Exercise instructions -
The lines below from the one with "tablet device dual screen realistic design" up to and including the one with "Product page of the VOLTA demo store" are what you should set down, exactly and without pictures.

Information given -
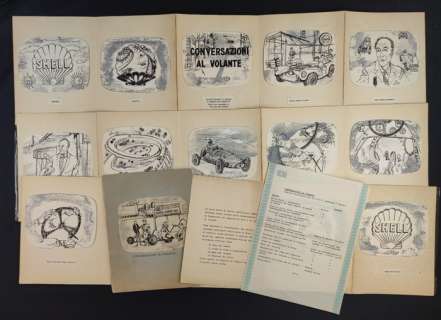 Crepax, Guido - 16 Original drawing - Conversazioni al Volante - Storyboard per Shell - 1958 | Catawiki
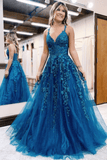 Long Blue Lace Prom Dresses V Neck Formal Evening Dresses Open Back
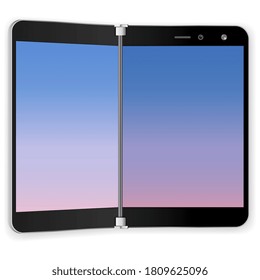 tablet device dual screen realistic design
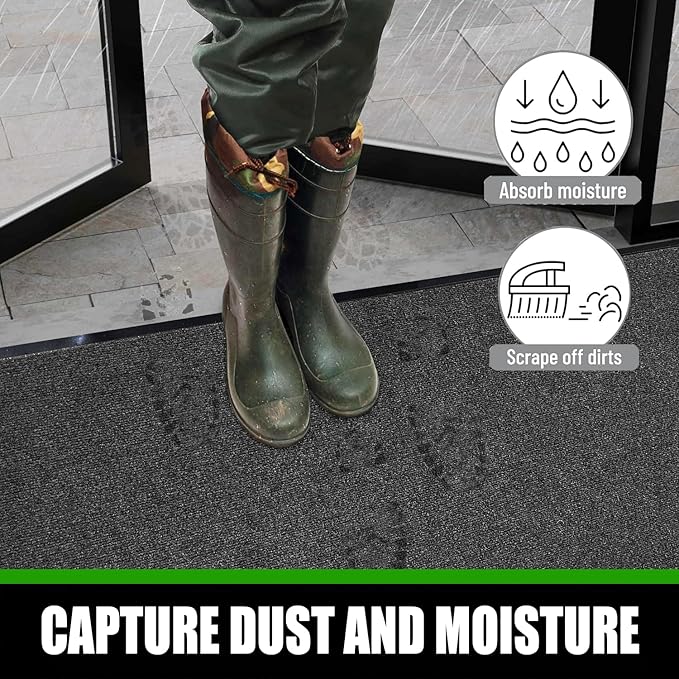 Commercial Grade Entrance Mat 3x5Ft Brush Step Entrance Rug with Striped Pattern&Rubber Border Indoor Outdoor Low Profile Rubber Entry Carpet Mat for Hallway,Home,High Traffic Area,Black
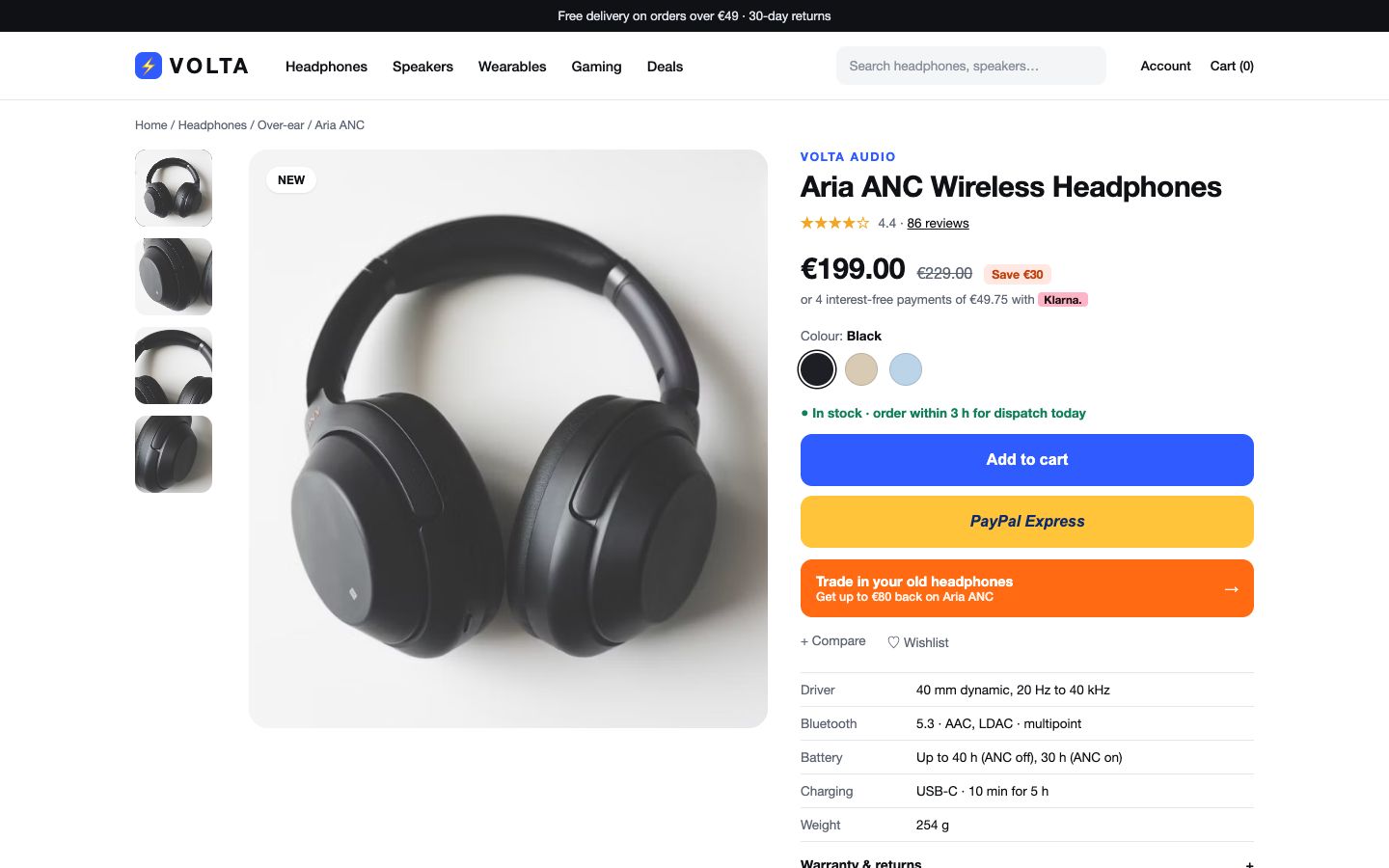 Product page of the VOLTA demo store
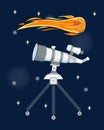 Telescope for astronomy science space discovery instrument vector illustration. Royalty Free Stock Photo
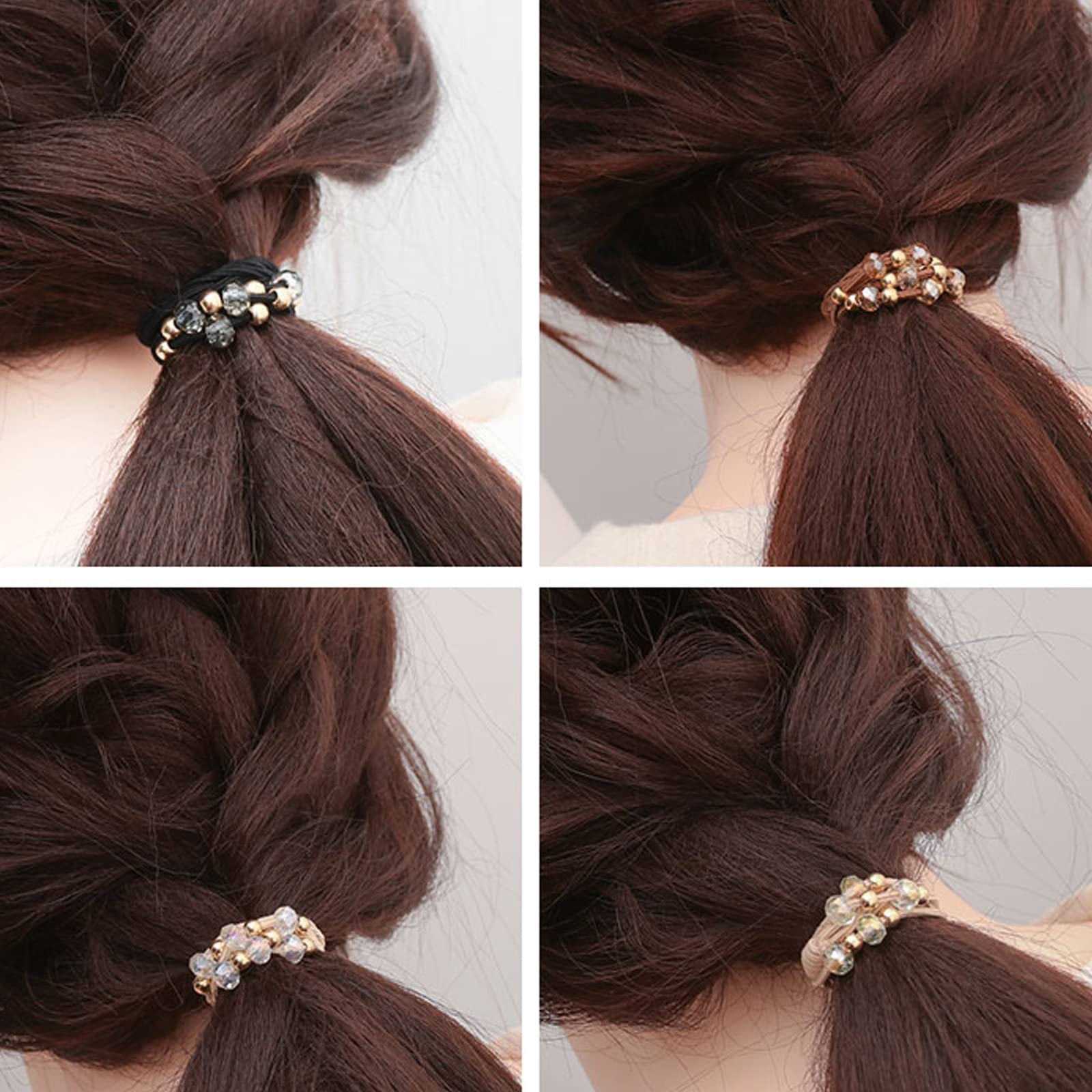 10pcs Small Gold Bead Hair Ties - Elastic Ponytail Holders for Women & Girls - Crystal Bead Hair Tie Bracelets for Thick, Thin & Curly Hair (5 Colors) - Perfect for Daily Wear, Parties & Gifts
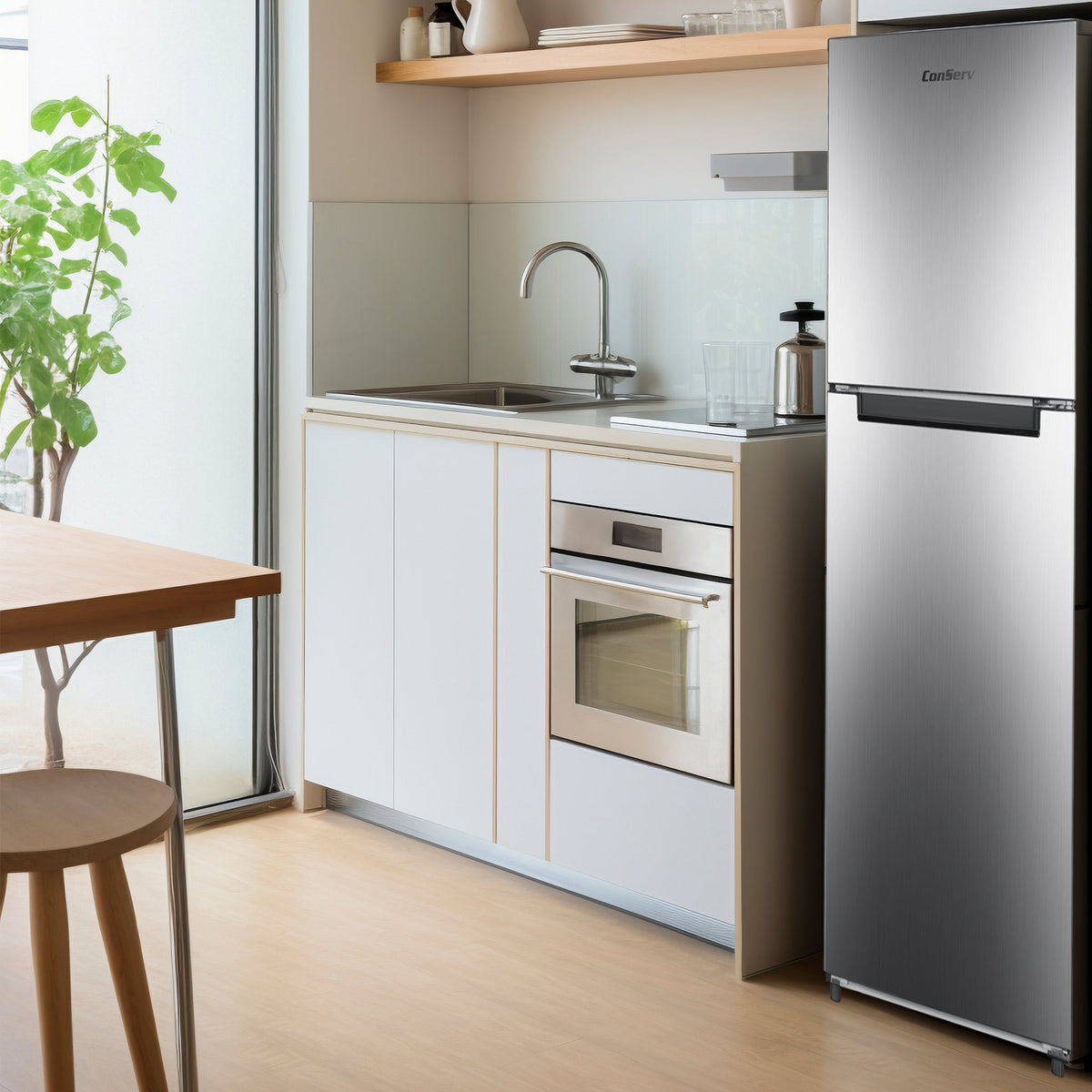 Refrigerador Conserv de 10 pies cúbicos, congelador superior, 24 pulgadas, sin escarcha, Energy Star, silencioso 43dB, 110V, acero inoxidable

Exercise output -
 tablet device dual screen realistic design
 Commercial Grade Entrance Mat 3x5Ft Brush Step Entrance Rug with Striped Pattern&Rubber Border Indoor Outdoor Low Profile Rubber Entry Carpet Mat for Hallway,Home,High Traffic Area,Black
 Product page of the VOLTA demo store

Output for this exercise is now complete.